● **Assigned task**
Under this line are the records; write out word for word the part that begins at the line containing "Used Chevrolet Lova" and ends at the line containing "De Vins Sky Hotel Seminyak Екстериор снимка", and no more.

● **Exercise data**
○ ○ ○

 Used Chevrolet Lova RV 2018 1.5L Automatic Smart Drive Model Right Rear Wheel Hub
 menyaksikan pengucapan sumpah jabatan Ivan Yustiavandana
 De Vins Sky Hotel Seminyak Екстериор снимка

○ ○ ○

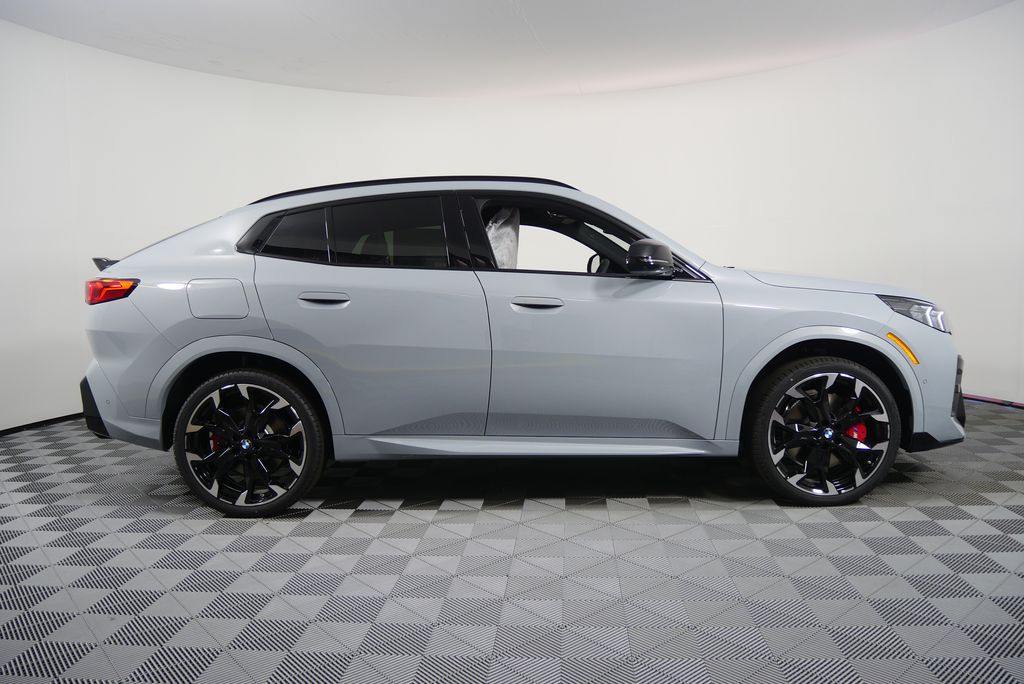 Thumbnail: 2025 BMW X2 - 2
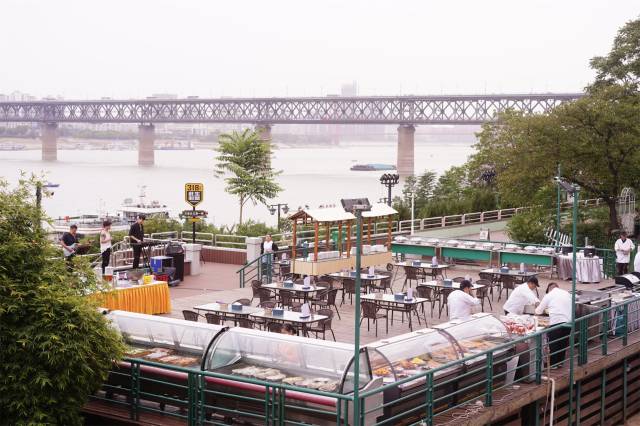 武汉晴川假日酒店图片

○ ○ ○

● **Answer to this task**
 Used Chevrolet Lova RV 2018 1.5L Automatic Smart Drive Model Right Rear Wheel Hub
 menyaksikan pengucapan sumpah jabatan Ivan Yustiavandana
 De Vins Sky Hotel Seminyak Екстериор снимка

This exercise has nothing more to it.